* [EXERCISE DESCRIPTION] Please report every line in the entries that contains the string "Jersey".

* [EXERCISE MATERIAL]
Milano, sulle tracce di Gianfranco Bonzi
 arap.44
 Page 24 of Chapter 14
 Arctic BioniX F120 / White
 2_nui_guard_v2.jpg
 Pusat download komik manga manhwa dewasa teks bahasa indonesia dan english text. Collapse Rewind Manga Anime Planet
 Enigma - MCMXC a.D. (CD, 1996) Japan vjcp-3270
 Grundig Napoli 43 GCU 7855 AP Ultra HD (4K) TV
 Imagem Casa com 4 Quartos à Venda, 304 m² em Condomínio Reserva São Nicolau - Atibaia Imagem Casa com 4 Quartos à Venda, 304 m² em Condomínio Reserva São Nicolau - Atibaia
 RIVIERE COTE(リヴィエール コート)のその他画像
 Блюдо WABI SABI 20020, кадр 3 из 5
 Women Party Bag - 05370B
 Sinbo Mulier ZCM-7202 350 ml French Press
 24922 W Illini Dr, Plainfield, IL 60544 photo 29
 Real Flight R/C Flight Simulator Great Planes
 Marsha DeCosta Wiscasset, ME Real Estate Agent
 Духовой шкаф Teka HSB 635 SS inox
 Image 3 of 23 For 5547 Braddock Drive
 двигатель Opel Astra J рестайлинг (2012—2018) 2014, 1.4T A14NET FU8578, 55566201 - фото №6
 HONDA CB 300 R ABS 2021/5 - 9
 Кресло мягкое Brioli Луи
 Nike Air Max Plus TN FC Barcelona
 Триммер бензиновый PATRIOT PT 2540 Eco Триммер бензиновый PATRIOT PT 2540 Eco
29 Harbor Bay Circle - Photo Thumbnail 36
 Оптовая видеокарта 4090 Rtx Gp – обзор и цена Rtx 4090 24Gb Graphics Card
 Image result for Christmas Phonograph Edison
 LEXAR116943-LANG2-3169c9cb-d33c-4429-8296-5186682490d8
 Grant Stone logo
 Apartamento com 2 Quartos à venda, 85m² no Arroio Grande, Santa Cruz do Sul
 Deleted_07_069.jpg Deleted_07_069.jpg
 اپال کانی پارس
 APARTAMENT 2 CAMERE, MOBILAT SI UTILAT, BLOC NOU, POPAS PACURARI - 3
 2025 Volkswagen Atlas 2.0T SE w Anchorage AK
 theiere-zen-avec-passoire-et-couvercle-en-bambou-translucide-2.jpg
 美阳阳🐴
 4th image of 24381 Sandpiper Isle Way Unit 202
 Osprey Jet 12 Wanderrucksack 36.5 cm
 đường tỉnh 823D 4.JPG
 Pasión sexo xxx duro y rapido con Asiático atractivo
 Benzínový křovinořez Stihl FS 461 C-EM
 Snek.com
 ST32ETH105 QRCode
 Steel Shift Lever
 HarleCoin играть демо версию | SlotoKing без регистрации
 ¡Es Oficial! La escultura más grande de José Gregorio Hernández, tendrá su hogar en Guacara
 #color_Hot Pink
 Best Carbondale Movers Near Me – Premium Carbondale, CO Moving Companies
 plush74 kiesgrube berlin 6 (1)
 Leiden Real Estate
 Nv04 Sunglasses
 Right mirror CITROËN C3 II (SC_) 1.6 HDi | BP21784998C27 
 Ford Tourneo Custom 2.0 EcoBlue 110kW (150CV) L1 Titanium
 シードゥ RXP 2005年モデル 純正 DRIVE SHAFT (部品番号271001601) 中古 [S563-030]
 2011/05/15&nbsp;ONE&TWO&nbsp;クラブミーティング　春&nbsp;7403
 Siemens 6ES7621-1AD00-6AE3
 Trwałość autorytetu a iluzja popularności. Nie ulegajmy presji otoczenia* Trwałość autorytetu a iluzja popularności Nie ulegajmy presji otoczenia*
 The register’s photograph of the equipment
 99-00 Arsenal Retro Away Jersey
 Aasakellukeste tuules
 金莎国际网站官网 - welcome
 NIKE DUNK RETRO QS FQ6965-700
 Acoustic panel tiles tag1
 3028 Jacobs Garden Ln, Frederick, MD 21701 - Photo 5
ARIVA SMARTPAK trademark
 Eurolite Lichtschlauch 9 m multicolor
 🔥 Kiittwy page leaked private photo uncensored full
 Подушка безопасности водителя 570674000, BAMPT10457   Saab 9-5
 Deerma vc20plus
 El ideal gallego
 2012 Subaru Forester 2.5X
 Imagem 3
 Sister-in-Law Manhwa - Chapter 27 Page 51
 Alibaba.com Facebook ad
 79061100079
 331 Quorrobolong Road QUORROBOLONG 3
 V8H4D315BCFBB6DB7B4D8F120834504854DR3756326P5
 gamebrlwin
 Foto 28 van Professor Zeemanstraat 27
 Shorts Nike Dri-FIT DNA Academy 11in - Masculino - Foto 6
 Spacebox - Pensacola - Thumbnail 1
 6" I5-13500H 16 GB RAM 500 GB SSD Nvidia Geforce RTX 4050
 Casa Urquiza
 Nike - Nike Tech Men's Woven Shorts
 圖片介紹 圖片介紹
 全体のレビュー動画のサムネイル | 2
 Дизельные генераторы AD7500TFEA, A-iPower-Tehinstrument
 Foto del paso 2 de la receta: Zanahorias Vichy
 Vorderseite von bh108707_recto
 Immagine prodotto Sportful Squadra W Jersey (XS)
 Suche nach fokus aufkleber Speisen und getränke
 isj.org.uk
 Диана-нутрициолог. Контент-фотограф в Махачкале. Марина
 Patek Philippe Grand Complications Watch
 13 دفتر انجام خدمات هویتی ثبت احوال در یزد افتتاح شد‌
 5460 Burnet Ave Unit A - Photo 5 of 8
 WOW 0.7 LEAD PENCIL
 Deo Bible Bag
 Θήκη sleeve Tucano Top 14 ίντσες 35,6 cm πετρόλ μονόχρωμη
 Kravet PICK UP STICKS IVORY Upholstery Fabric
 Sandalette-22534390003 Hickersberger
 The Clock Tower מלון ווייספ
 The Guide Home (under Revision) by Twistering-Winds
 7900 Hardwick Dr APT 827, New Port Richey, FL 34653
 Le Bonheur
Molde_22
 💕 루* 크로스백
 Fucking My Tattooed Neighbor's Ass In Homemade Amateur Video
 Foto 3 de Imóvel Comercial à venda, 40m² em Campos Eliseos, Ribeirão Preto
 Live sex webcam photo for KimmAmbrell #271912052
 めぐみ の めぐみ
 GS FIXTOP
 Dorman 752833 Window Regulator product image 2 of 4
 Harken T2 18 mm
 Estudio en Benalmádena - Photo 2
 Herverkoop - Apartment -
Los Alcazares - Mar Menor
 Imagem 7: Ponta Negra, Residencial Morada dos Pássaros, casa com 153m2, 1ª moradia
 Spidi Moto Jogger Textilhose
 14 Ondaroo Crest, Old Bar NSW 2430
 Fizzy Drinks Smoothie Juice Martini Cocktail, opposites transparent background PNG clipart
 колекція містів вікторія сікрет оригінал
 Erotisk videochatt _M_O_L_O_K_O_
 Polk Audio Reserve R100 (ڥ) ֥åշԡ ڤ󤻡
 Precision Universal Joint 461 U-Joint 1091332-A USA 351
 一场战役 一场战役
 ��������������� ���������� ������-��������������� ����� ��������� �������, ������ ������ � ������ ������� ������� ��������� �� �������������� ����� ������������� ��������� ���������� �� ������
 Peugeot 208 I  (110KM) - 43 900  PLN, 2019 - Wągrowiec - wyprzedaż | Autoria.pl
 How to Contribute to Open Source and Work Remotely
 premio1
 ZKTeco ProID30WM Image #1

* [SOLUTION TO THE EXERCISE]
 99-00 Arsenal Retro Away Jersey
 Immagine prodotto Sportful Squadra W Jersey (XS)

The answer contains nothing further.